● TASK PROMPT: Until the line containing "Spacious Apartment For" has been reproduced, keep reproducing each line of the material below exactly, starting with the first.

● RECORDS FOR THE EXERCISE:
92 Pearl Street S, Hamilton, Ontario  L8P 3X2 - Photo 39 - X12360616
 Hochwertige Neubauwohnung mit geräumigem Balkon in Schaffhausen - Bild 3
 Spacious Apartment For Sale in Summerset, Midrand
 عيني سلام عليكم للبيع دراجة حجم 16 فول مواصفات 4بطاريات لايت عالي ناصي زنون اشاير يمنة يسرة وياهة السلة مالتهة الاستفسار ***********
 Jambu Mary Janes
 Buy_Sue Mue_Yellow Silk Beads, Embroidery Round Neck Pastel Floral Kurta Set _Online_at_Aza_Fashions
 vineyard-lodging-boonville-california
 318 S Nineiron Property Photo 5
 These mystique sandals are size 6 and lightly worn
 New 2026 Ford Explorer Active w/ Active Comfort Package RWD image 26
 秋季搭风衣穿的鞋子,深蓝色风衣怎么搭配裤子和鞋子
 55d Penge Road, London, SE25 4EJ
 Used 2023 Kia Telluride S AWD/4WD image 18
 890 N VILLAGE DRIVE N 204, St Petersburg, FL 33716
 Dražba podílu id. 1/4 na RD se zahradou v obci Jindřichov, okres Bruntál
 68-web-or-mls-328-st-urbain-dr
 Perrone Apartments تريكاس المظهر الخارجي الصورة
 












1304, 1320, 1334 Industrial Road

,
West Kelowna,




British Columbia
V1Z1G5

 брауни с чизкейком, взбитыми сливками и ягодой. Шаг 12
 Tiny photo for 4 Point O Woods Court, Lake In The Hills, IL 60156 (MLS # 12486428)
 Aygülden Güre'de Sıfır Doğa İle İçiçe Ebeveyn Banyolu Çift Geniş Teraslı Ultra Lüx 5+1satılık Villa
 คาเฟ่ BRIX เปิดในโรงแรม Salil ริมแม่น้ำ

● ANSWER BOX:
92 Pearl Street S, Hamilton, Ontario  L8P 3X2 - Photo 39 - X12360616
 Hochwertige Neubauwohnung mit geräumigem Balkon in Schaffhausen - Bild 3
 Spacious Apartment For Sale in Summerset, Midrand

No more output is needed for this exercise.